Countries trailing closely behind included Saudi Arabia and Qatar.
The ranking was based on the HSBC’s Expat Explorer Survey, which this year polled 3,385 expatriates in 100 countries about everything from where you can get a swimming pool and more luxurious holidays to what countries offer the best access to healthcare.
But what perhaps led to the UAE’s low score were certain parameters like the expats’ ‘ability to befriend locals, success in learning the language, integration into the community and ease of fitting into the local culture.’

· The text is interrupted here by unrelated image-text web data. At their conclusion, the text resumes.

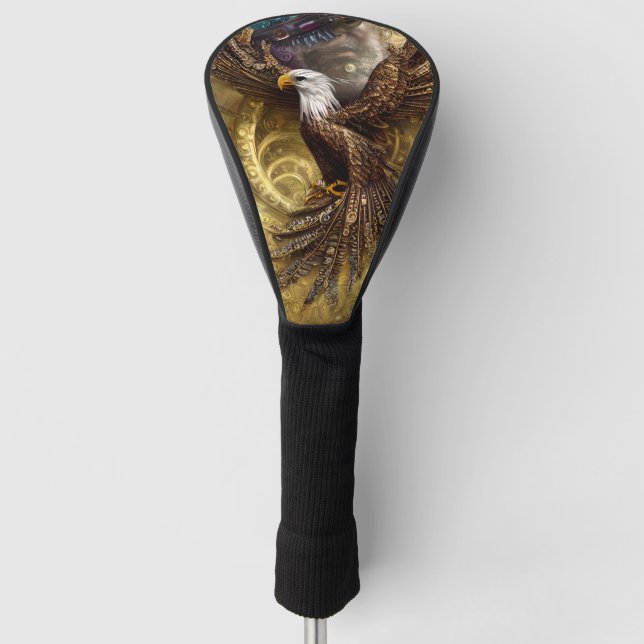 Whimsical steampunk charming eagle golf head cover (Front)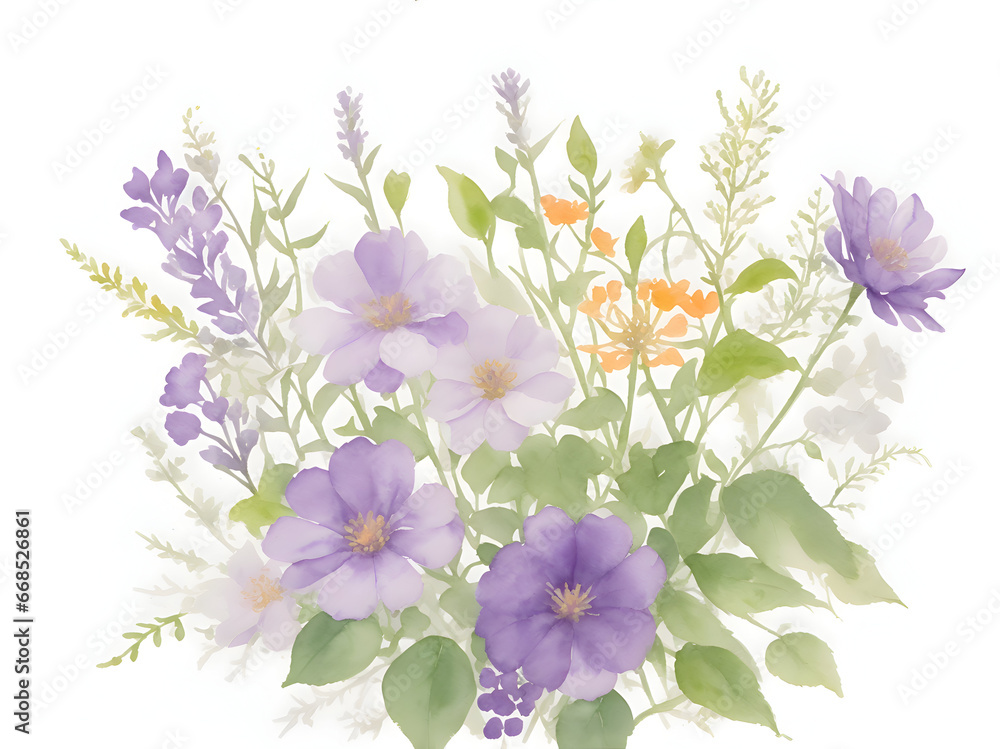 bouquet of purple flowers with green leaves, ai generative bouquet of purple flowers with green leaves, ai generative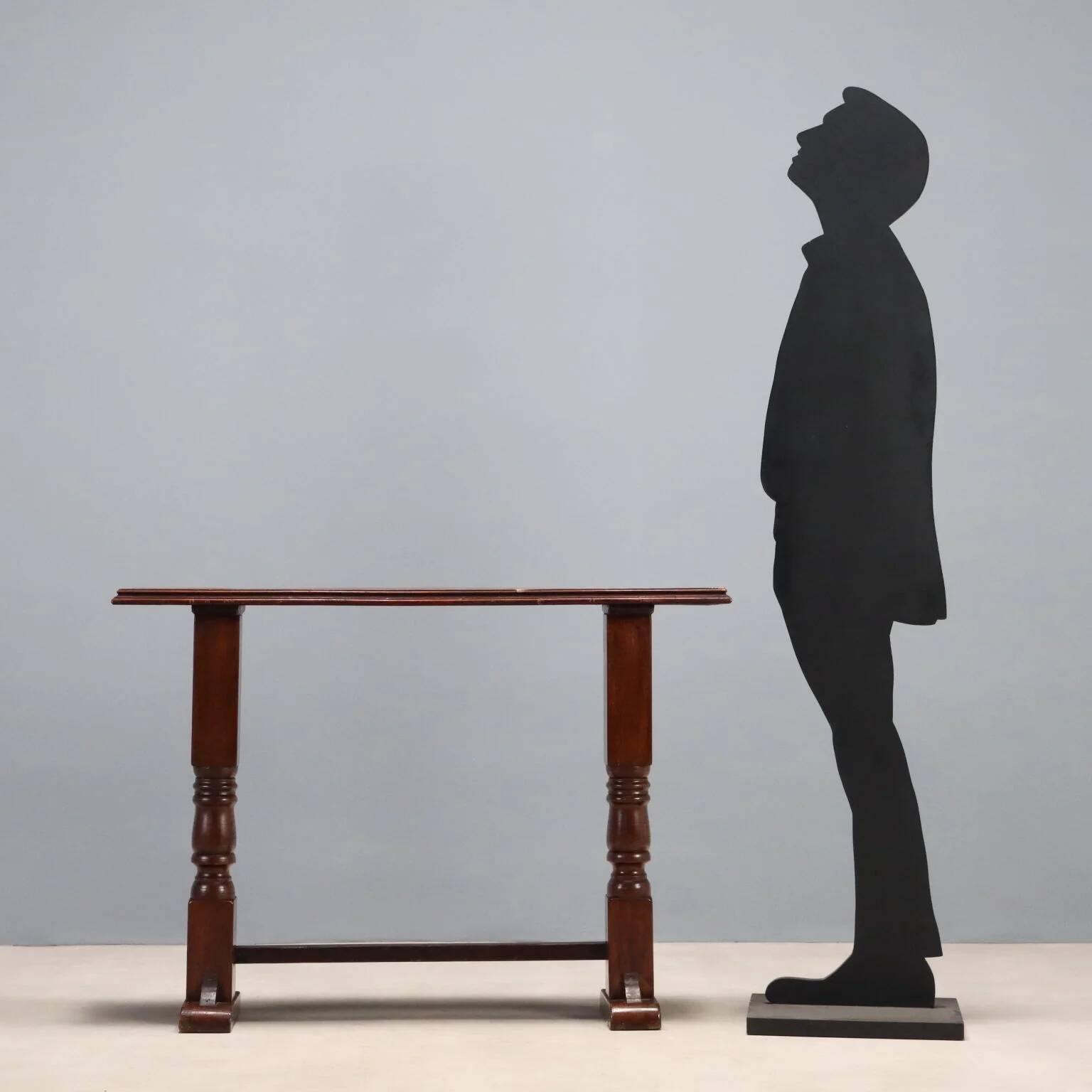 Antique console in stained oak and walnut, Italy, early 20th century.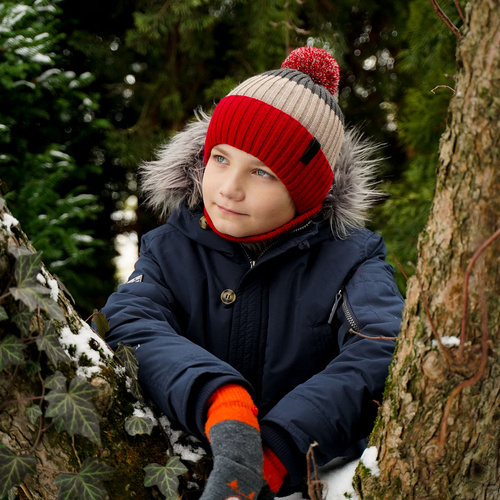 Pojke vinter set: mössa och halsduk, gråblå, med emblem, Karson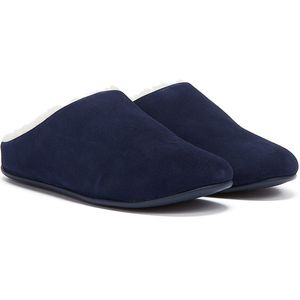 Women's Fit Flop Chrissie Shearling Slippers in Navy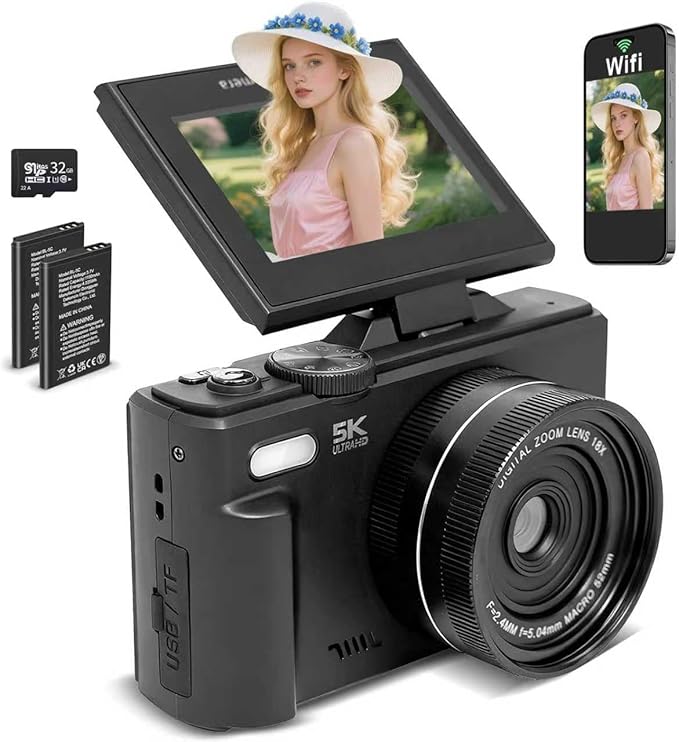 5k Digital Camera,75mp Cameras for Photography with 18x Digital Zoom & Autofocus,3" 180° Flip Screen,WiFi Vlogging Camera for YouTube Video,Photography Cameras for Beginners,With32GB Card & Flas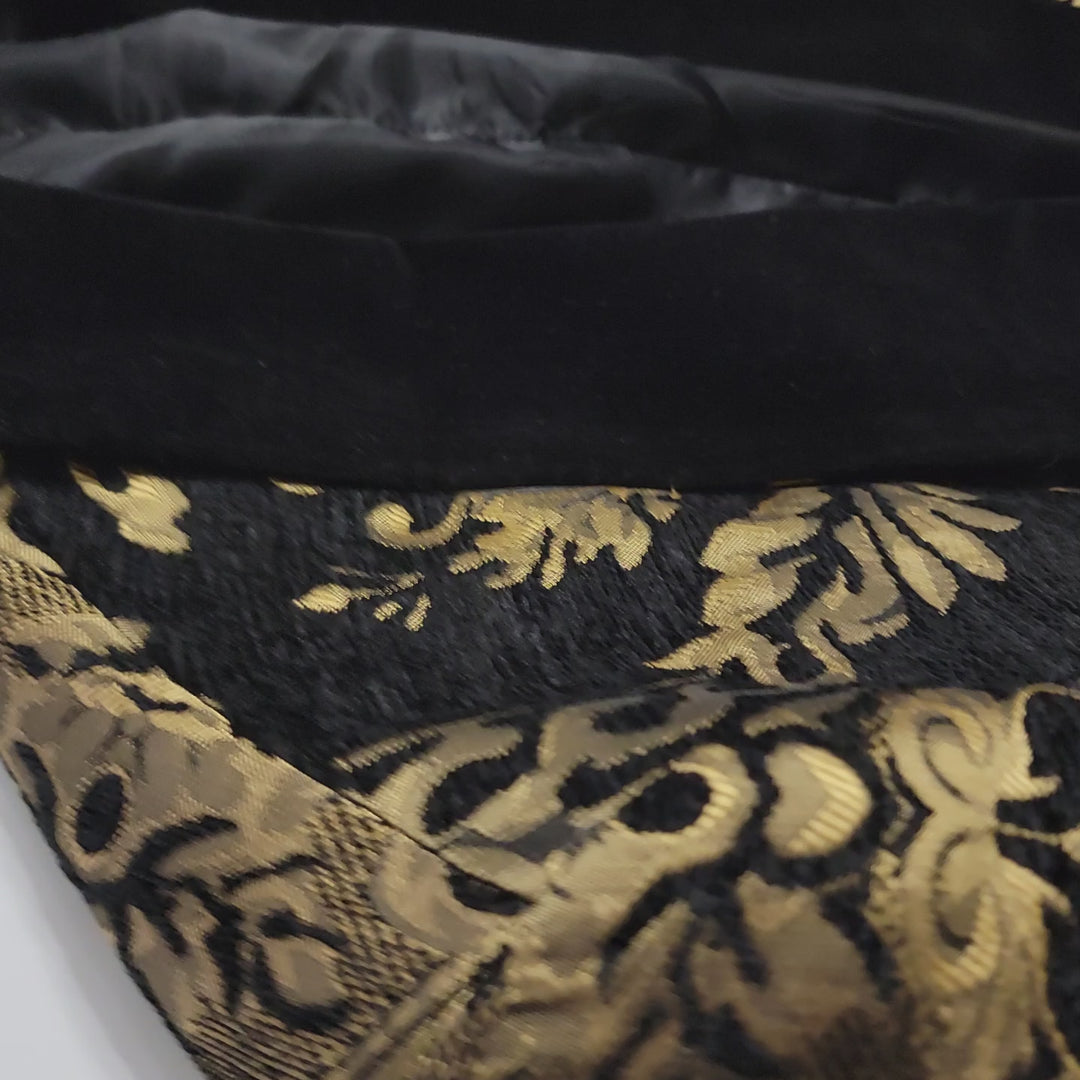 Di' Gentlemen's Black Gold Floral Jacquard 2 Pc Slim Fit Suit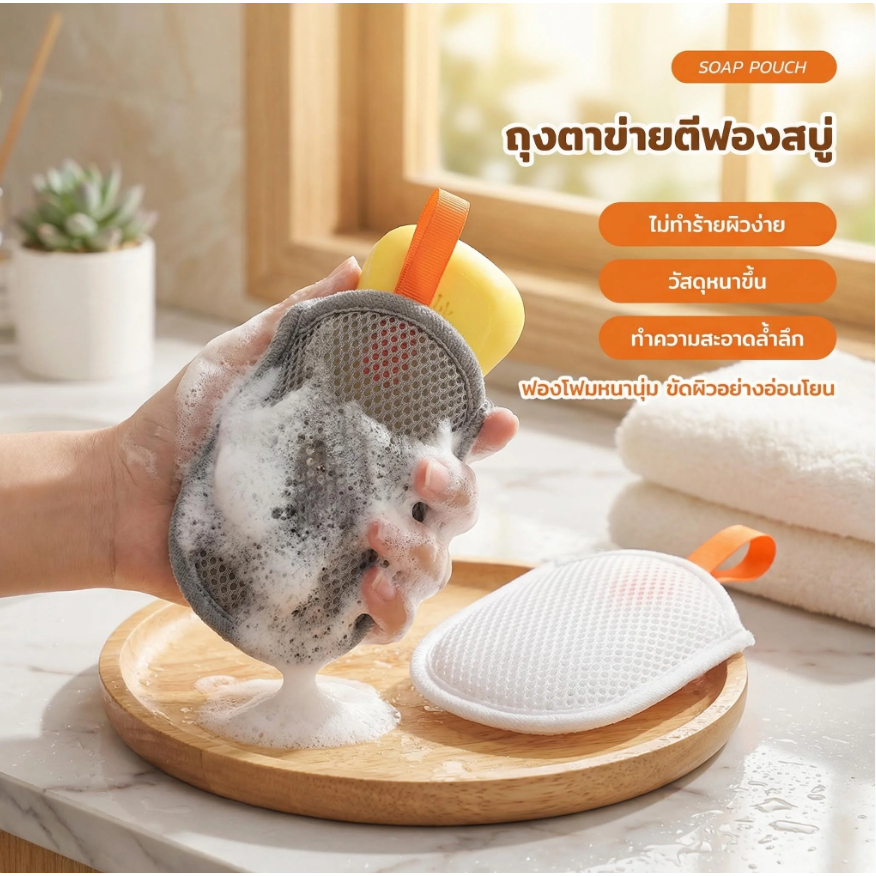 ถุงตาข่ายอาบน้ำ ใส่สบู่ได้ ฟองเยอะ ล้างสะอาด ขัดผิวนุ่มไม่บาดผิว ใช้ซ้ำได้ทนทาน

Almost instantly, expatriates living in the UAE as well as Emiratis took offense to the skewed ranking, venting their feelings and opinion primarily on Twitter, and creating a hashtag # UAE Friendly to defend their home or second home, as the case may be.
“I consider UAE my second home,” tweeted Dara Al Hadidi, who goes by the Twitter handle @DaraaaH.
“You can’t call a country that hosts 209 nationalities unfriendly. We’ve more countries here than the Olympics” said @KhalidAlAmeri.
“If UAE wasn’t a friendly country, why would people from all over the world consider it their second home?” tweeted another user.
The outpouring was huge, and almost every comment went on to support the UAE and ridicule the rankings, to the extent that it led the Forbes magazine to reconsider its listing and, in fact, take an absolute U-turn.
“[A]ccording to HSBC’s survey, expat paradise does exist: in Singapore, Hong Kong or the United Arab Emirates,” wrote Dan Bigman, Executive Editor for Business News at Forbes, in a what is been largely seen as a retraction by the magazine.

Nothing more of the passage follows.